HOW TO COMPLETE THIS TASK:
This exercise calls for the line with "VOLEMİ Vm-004 Profesyonel", the line with "EMKE Lavabo de", and all lines between them in the material below, output exactly and with no other lines.

AVAILABLE DATA:
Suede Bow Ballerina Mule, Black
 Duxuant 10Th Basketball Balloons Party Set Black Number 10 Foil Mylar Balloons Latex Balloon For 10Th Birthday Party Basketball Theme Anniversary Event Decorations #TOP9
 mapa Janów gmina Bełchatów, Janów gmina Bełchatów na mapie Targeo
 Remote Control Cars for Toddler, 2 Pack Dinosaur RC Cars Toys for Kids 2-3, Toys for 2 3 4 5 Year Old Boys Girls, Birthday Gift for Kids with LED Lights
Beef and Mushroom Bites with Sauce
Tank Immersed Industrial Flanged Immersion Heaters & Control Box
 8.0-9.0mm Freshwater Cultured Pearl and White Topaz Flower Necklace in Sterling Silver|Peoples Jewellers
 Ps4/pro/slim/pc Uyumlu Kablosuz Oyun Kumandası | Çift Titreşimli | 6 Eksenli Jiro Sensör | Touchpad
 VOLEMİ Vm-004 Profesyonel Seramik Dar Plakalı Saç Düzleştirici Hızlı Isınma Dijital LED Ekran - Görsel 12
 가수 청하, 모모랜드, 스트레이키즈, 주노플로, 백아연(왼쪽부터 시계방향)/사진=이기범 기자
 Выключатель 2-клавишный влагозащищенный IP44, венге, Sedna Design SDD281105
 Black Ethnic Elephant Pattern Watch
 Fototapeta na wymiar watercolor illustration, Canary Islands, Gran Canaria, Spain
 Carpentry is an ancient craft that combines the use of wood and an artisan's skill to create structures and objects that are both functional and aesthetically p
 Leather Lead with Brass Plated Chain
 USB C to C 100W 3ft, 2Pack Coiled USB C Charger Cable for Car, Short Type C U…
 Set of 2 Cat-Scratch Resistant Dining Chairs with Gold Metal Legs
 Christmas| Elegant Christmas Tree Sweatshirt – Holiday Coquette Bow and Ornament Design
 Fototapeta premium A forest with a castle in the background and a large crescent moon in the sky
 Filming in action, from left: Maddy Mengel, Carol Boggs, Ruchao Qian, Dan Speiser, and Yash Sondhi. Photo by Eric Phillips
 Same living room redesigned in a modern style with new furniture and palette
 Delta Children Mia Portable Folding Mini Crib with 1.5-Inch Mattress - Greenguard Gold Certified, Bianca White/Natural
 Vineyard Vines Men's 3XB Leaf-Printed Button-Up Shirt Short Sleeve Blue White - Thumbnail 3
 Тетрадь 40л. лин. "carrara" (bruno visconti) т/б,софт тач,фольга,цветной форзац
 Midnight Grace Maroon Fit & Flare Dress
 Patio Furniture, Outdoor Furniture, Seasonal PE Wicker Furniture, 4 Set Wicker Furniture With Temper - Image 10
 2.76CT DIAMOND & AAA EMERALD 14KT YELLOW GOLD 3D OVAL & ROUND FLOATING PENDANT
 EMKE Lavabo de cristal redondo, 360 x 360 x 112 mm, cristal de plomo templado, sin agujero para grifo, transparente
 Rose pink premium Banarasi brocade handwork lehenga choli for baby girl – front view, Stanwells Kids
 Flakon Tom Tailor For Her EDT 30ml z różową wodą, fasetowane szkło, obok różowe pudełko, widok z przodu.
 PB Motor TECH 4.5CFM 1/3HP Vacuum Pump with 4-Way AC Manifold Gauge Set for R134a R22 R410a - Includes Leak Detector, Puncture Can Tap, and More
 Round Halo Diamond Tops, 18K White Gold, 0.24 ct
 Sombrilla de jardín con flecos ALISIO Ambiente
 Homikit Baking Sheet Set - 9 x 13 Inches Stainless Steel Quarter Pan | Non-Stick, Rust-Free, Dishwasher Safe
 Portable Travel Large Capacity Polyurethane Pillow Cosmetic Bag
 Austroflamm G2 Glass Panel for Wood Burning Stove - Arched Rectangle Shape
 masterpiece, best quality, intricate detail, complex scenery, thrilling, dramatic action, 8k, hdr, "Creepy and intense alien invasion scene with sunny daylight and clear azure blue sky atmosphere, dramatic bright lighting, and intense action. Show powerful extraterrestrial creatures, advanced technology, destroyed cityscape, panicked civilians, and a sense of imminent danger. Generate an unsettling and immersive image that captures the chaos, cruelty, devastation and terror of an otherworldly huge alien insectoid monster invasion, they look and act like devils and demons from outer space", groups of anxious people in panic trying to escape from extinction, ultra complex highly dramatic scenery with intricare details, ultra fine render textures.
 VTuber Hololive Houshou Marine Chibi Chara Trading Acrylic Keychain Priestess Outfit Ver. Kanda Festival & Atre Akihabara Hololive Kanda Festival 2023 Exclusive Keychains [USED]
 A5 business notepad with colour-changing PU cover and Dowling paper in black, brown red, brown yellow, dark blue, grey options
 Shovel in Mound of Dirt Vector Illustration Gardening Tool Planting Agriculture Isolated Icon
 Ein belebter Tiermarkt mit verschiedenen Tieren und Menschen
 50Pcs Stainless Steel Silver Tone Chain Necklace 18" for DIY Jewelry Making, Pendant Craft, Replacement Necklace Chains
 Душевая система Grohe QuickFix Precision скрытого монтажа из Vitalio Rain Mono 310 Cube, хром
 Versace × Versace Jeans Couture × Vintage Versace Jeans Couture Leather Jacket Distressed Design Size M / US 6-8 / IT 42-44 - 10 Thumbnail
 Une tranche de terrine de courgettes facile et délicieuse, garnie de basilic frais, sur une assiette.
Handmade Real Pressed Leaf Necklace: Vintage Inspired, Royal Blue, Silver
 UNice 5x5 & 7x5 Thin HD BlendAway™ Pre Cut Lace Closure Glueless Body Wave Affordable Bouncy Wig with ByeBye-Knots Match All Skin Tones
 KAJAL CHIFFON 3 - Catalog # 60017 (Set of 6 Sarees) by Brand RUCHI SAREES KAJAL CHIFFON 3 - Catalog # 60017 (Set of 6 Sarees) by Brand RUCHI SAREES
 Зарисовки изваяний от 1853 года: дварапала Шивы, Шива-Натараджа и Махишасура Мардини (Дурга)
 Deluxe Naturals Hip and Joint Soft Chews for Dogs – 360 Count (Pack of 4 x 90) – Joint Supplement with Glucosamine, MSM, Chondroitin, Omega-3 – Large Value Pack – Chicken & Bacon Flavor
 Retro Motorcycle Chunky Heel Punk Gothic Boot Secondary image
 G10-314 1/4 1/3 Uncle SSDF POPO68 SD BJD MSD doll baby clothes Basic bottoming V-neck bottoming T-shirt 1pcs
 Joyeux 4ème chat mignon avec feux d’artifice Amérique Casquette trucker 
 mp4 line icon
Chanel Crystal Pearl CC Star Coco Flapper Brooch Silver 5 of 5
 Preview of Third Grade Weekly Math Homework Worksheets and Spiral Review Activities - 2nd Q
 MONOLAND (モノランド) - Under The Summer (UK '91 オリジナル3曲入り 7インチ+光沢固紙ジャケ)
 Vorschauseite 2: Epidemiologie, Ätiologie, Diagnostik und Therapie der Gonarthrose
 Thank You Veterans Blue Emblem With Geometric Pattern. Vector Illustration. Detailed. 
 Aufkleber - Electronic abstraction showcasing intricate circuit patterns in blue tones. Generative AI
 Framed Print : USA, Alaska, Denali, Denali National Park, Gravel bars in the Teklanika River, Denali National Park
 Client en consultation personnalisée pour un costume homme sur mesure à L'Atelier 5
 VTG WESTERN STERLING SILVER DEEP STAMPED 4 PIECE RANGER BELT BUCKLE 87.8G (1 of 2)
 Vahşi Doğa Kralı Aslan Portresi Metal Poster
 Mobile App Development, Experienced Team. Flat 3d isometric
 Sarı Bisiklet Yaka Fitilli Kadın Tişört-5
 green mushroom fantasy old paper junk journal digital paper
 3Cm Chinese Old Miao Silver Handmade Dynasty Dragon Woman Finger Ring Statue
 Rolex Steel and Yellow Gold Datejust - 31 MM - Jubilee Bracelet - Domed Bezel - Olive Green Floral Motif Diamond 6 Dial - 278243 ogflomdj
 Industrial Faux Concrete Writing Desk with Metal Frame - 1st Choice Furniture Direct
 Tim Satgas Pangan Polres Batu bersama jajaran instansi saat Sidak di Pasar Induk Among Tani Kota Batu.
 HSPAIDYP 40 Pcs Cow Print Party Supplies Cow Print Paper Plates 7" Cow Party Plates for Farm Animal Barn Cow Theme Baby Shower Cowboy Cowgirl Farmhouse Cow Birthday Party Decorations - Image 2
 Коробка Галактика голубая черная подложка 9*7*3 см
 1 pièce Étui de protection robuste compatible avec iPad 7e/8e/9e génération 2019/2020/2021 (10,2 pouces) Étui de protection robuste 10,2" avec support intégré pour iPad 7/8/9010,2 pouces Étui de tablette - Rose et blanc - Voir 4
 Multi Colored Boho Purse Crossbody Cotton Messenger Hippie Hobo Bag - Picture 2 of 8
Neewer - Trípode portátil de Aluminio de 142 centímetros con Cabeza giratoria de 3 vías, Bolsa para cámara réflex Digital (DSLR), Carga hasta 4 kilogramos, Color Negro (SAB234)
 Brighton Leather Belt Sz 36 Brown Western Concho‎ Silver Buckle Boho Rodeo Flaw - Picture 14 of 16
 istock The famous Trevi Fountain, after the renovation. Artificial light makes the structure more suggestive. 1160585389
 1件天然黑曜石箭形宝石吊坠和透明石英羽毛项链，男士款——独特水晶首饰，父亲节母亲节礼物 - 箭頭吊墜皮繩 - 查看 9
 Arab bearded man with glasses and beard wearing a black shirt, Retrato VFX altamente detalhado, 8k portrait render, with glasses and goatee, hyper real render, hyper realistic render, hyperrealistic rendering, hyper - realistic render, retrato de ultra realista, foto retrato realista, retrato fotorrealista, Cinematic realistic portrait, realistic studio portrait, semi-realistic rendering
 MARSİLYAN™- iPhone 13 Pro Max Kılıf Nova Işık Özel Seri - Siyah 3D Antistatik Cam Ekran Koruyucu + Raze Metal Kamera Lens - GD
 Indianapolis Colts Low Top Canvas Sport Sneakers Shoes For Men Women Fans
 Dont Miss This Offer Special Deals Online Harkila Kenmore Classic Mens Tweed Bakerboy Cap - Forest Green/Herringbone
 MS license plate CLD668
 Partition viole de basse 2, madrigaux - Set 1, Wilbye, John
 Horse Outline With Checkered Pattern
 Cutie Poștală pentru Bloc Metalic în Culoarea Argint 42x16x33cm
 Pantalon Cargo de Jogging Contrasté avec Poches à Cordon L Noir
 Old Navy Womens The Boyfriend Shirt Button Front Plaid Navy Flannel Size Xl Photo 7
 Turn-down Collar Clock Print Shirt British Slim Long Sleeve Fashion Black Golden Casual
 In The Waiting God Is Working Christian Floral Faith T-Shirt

WRITTEN SOLUTION:
 VOLEMİ Vm-004 Profesyonel Seramik Dar Plakalı Saç Düzleştirici Hızlı Isınma Dijital LED Ekran - Görsel 12
 가수 청하, 모모랜드, 스트레이키즈, 주노플로, 백아연(왼쪽부터 시계방향)/사진=이기범 기자
 Выключатель 2-клавишный влагозащищенный IP44, венге, Sedna Design SDD281105
 Black Ethnic Elephant Pattern Watch
 Fototapeta na wymiar watercolor illustration, Canary Islands, Gran Canaria, Spain
 Carpentry is an ancient craft that combines the use of wood and an artisan's skill to create structures and objects that are both functional and aesthetically p
 Leather Lead with Brass Plated Chain
 USB C to C 100W 3ft, 2Pack Coiled USB C Charger Cable for Car, Short Type C U…
 Set of 2 Cat-Scratch Resistant Dining Chairs with Gold Metal Legs
 Christmas| Elegant Christmas Tree Sweatshirt – Holiday Coquette Bow and Ornament Design
 Fototapeta premium A forest with a castle in the background and a large crescent moon in the sky
 Filming in action, from left: Maddy Mengel, Carol Boggs, Ruchao Qian, Dan Speiser, and Yash Sondhi. Photo by Eric Phillips
 Same living room redesigned in a modern style with new furniture and palette
 Delta Children Mia Portable Folding Mini Crib with 1.5-Inch Mattress - Greenguard Gold Certified, Bianca White/Natural
 Vineyard Vines Men's 3XB Leaf-Printed Button-Up Shirt Short Sleeve Blue White - Thumbnail 3
 Тетрадь 40л. лин. "carrara" (bruno visconti) т/б,софт тач,фольга,цветной форзац
 Midnight Grace Maroon Fit & Flare Dress
 Patio Furniture, Outdoor Furniture, Seasonal PE Wicker Furniture, 4 Set Wicker Furniture With Temper - Image 10
 2.76CT DIAMOND & AAA EMERALD 14KT YELLOW GOLD 3D OVAL & ROUND FLOATING PENDANT
 EMKE Lavabo de cristal redondo, 360 x 360 x 112 mm, cristal de plomo templado, sin agujero para grifo, transparente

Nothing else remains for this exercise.